Dataset excerpts
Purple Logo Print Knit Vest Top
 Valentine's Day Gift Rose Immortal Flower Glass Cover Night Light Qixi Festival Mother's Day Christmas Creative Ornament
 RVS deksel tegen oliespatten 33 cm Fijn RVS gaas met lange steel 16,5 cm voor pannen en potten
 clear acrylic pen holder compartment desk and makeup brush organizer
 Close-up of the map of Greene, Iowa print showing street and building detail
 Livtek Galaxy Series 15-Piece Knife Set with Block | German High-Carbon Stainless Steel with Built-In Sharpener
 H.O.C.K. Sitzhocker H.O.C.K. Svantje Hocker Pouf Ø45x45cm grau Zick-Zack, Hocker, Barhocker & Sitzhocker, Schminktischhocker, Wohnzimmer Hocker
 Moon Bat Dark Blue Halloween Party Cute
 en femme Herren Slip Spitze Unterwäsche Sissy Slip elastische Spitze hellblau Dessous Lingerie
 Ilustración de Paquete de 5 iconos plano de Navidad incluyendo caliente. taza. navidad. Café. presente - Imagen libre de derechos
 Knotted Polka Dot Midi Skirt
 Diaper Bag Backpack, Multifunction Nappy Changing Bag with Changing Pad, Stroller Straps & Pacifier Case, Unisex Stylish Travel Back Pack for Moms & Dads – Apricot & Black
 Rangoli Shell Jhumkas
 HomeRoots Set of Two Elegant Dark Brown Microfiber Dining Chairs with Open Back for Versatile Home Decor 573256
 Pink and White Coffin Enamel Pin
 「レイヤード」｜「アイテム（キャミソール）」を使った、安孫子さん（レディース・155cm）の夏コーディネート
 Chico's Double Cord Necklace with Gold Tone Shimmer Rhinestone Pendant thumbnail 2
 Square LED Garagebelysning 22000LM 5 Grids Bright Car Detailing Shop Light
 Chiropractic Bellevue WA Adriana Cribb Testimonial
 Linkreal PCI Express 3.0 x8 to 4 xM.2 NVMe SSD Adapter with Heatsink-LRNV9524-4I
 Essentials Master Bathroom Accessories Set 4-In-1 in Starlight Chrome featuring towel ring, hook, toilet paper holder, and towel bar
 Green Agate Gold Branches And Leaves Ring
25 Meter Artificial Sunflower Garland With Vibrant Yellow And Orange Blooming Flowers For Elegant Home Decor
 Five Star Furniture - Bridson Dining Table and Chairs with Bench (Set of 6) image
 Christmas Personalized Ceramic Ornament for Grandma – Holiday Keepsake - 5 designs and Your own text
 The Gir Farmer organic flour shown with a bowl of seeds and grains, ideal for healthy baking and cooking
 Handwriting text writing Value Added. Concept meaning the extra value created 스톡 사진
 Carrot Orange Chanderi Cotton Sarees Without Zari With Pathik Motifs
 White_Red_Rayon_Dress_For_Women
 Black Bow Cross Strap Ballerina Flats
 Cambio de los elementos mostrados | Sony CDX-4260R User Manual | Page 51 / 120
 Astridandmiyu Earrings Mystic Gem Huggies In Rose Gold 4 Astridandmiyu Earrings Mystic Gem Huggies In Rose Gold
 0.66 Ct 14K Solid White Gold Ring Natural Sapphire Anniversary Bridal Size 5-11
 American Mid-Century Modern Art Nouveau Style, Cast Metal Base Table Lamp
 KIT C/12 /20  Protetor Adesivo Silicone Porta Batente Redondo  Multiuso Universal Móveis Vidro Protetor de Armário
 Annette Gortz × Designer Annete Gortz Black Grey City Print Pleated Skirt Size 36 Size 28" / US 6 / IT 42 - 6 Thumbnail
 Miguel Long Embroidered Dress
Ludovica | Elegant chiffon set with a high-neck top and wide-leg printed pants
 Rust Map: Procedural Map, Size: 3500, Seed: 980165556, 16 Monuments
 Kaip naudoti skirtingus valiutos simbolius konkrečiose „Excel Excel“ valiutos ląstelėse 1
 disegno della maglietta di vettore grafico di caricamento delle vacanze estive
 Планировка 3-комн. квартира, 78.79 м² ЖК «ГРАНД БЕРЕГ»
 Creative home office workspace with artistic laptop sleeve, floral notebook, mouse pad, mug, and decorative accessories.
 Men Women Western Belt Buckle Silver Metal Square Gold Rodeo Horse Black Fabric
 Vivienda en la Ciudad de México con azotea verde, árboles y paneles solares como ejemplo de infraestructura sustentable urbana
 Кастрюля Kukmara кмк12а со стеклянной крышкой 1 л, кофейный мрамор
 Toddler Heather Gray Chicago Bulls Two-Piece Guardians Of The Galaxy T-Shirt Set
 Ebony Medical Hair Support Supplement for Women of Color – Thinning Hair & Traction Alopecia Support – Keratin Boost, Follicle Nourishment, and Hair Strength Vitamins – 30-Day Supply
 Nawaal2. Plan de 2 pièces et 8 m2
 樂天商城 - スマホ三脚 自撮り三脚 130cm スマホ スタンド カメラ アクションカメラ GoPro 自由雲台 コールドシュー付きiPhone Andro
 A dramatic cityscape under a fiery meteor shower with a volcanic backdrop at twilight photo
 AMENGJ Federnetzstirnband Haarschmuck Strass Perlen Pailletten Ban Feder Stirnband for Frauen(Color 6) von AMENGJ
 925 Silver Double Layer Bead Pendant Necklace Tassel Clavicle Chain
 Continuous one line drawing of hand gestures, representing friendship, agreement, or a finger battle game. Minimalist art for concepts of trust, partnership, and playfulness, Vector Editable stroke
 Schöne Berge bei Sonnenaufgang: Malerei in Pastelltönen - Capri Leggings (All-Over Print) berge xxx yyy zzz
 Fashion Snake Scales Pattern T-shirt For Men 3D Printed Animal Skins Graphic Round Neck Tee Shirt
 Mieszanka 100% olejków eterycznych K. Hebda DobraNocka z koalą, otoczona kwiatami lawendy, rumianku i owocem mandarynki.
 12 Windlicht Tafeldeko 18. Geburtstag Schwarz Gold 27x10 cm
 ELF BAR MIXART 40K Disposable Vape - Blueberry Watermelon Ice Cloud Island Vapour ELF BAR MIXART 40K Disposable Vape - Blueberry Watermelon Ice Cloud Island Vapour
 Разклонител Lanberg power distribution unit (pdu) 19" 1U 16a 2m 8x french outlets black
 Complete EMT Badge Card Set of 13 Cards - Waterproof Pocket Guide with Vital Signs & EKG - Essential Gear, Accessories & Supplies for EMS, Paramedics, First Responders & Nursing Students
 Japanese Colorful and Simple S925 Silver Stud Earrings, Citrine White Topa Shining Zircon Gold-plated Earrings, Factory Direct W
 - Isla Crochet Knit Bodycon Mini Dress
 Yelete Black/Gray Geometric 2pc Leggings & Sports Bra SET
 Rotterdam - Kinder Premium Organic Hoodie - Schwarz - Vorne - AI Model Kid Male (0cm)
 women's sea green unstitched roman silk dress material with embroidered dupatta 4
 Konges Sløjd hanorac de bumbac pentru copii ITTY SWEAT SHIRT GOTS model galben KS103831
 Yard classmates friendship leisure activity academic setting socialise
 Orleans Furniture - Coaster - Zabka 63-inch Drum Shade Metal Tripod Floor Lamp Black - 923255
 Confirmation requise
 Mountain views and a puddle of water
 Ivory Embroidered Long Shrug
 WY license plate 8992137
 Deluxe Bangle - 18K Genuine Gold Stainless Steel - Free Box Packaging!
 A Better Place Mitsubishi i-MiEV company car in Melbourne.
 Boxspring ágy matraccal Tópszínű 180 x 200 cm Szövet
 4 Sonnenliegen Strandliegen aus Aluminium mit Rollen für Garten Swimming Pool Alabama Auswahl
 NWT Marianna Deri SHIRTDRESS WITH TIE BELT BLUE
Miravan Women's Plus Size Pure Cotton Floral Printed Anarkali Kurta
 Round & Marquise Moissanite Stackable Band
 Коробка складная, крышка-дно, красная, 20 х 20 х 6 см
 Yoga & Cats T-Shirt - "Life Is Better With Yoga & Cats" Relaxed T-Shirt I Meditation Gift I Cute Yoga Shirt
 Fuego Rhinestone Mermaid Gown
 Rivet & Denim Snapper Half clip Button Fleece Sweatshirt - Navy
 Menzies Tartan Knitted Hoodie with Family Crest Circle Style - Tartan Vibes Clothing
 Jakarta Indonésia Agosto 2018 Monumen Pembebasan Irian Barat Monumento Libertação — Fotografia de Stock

- [Activity]: Each line above from the one with "Chico's Double Cord" up to and including the one with "Linkreal PCI Express" must be set down exactly, and no line outside that span may appear.

- [Final answer]:
 Chico's Double Cord Necklace with Gold Tone Shimmer Rhinestone Pendant thumbnail 2
 Square LED Garagebelysning 22000LM 5 Grids Bright Car Detailing Shop Light
 Chiropractic Bellevue WA Adriana Cribb Testimonial
 Linkreal PCI Express 3.0 x8 to 4 xM.2 NVMe SSD Adapter with Heatsink-LRNV9524-4I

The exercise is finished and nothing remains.